Nos últimos anos, a vida política de Lee ficou marcada por polémicas ainda mais gritantes. Uma delas diz respeito a uma série de acusações que foi alvo e que incluem corrupção, suborno e quebra de confiança.

Já uma outra diz respeito às alegações de que Lee terá feito uma declaração falsa durante um debate na última campanha presidencial. Neste frente-a-frente, que foi para o ar em dezembro de 2021, o político negou conhecer pessoalmente Kim Moon-ki, uma figura-chave que terá estado envolvida num escândalo de corrupção relacionado com terrenos e que se suicidou.

Alvo de um ataque com faca

ASSOCIATED PRESS

Em janeiro do ano passado, enquanto respondia às questões dos jornalistas no exterior de um aeroporto, em Busan, Lee foi esfaqueado no pescoço por um homem que se aproximou dele e que fingia pedir um autógrafo.

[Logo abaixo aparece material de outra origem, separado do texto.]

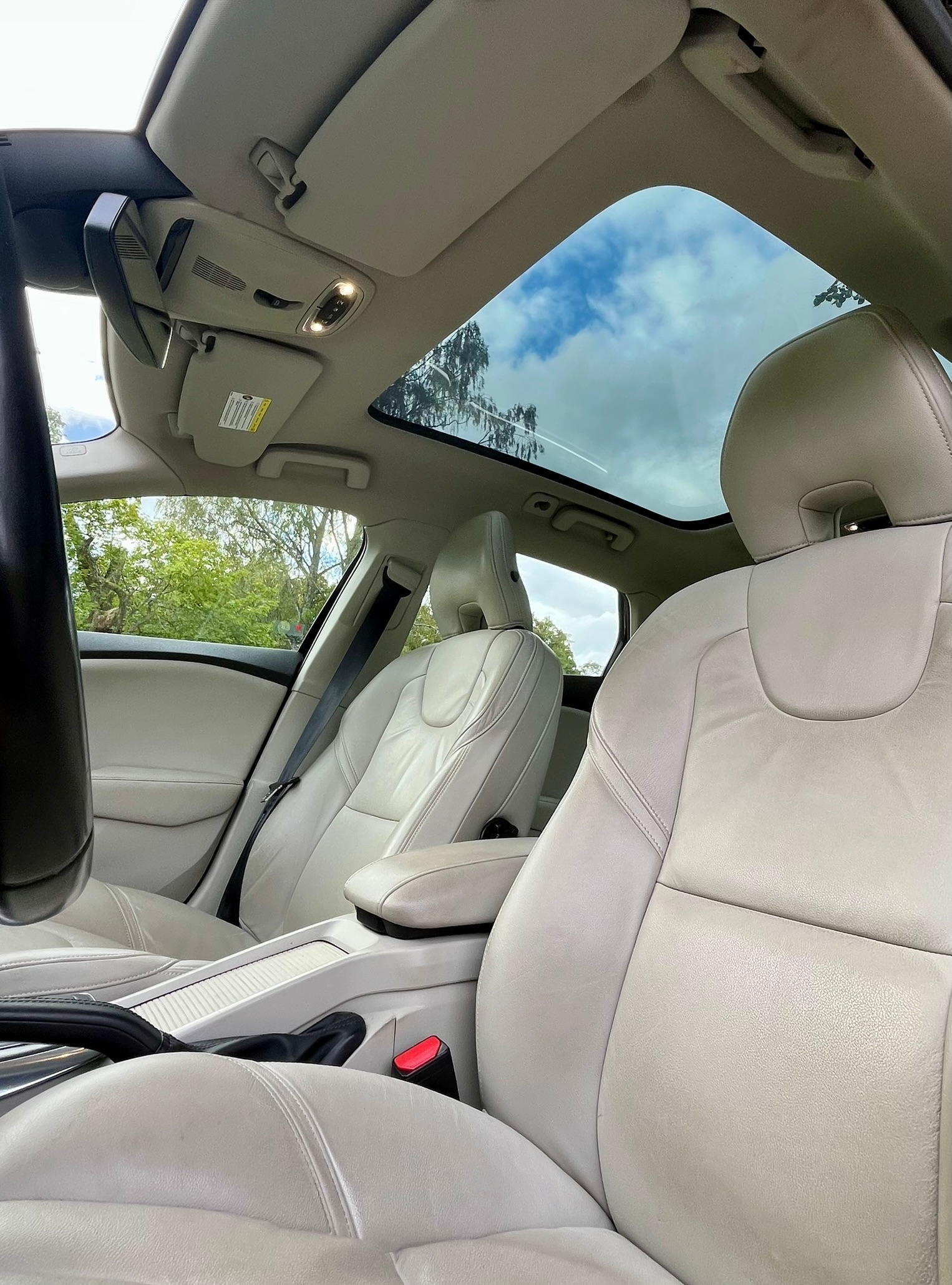 Volvo V40 D4 Summum - Geartronic 2013, photo 6/10
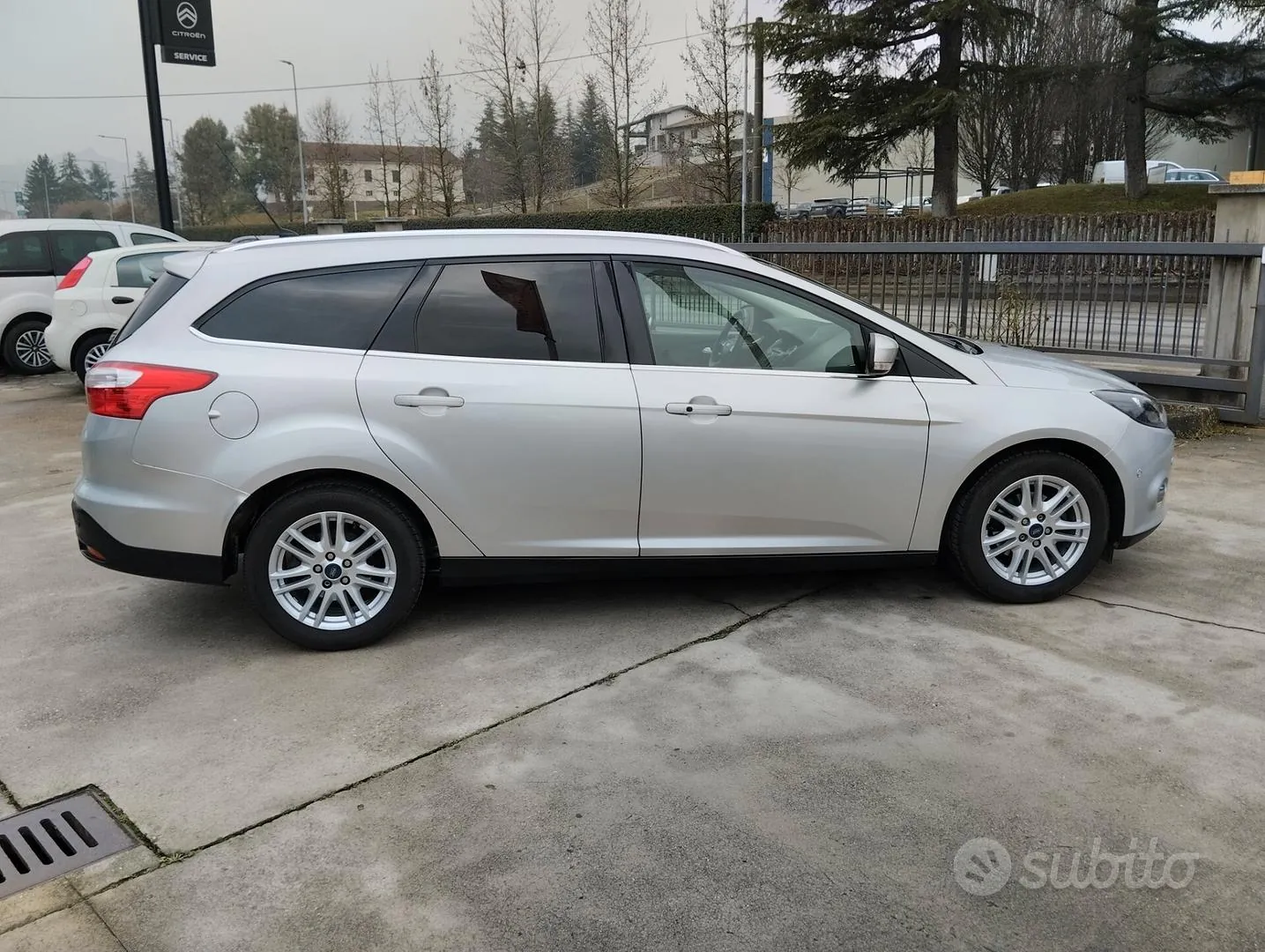 Ford Focus 2012 photo 4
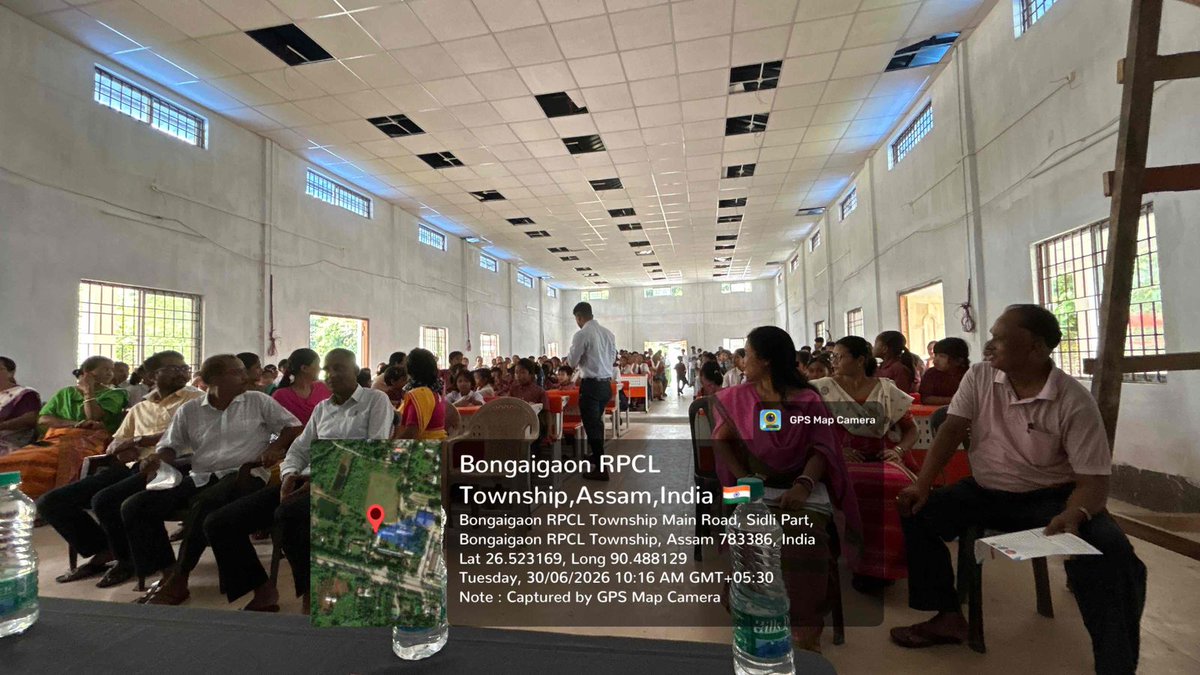 ChirangDc's tweet photo. Hon'ble DC distributed "Chopa Cop" booklets to students of Classes I to V at Kajalgaon High School to promote road safety awareness. The initiative was organized by the District Administration, Chirang, in collaboration with the Inspector of Schools and District Transport Office. https://t.co/f4b3NcMPWu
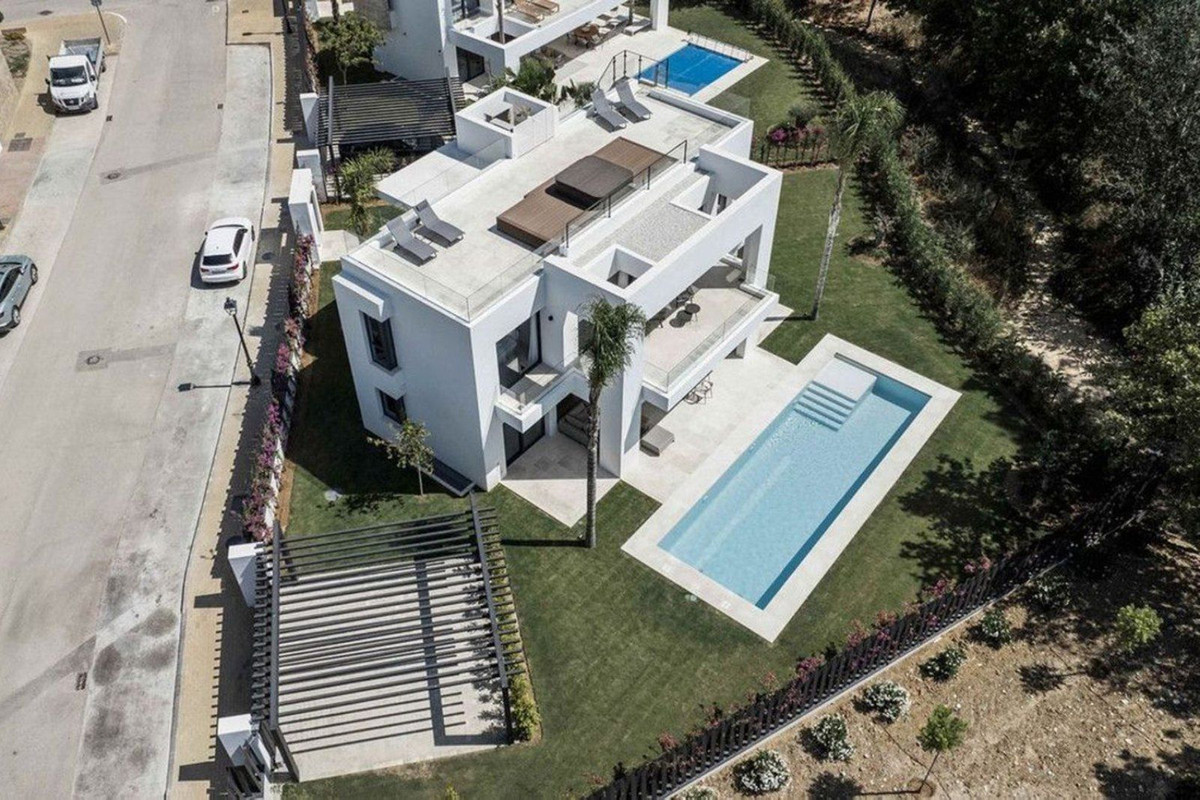 4 Bedroom Villa in Estepona - Foto 4
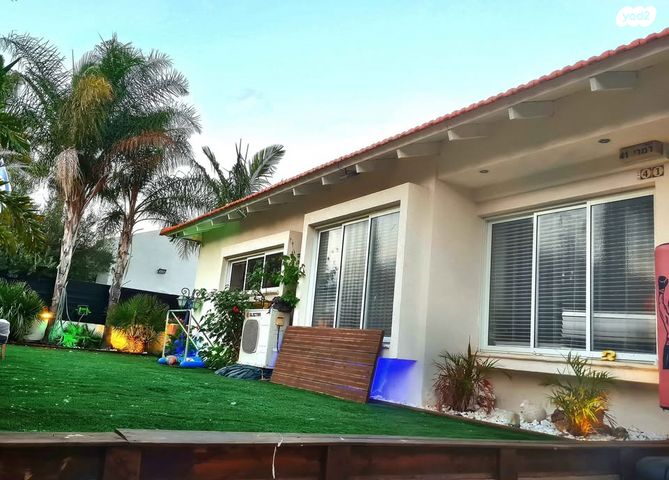 בית פרטי/ קוטג', שביל האלון 1, בת הדר, בת הדר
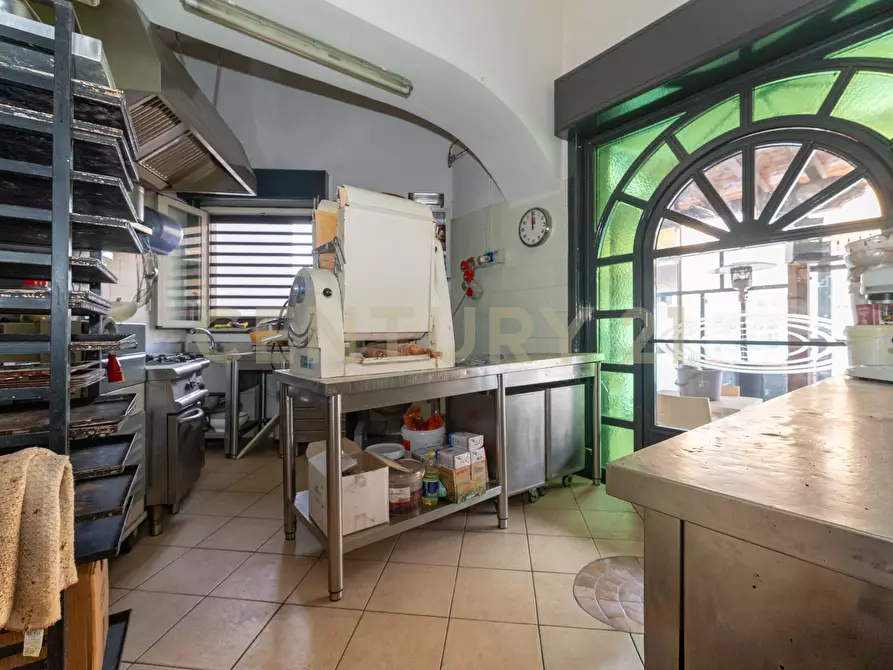 Immagine 15 di Bar / Ristorante in vendita  in Viale Papa Giovanni XXIII 46 a Camporotondo Etneo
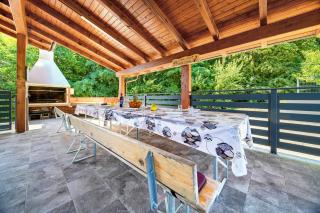 Greenwood Retreat With Hot Tub & Sauna - Happy Rentals - 8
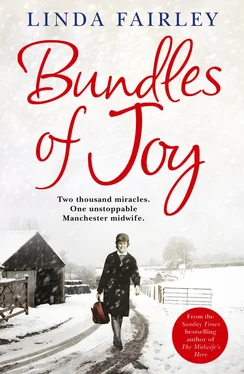 Linda Fairley Bundles of Joy: Two Thousand Miracles. One Unstoppable Manchester Midwife обложка книги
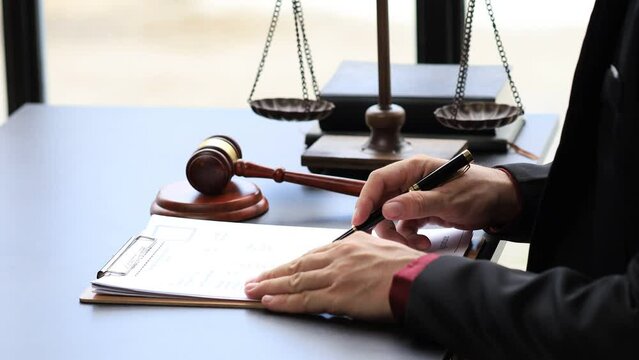 Lawyer concepts to testify to clients and to provide counseling in cases, to provide legal relief, to maintain law and fairness, to proceed with transparency, to attorneys to defend cases in court.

Embora o cenário tenha exigido uma cirurgia de urgência, os ferimentos não foram considerados graves.

Agora, em cada comunicação à imprensa ou comício, Lee fala atrás de um vidro à prova de balas, usa um colete e é cercado por seguranças.

Na altura, o agressor terá escrito um manifesto de oito páginas onde confessava que queria garantir que Lee não se tornava presidente. Foi posteriormente condenado a 15 anos de prisão.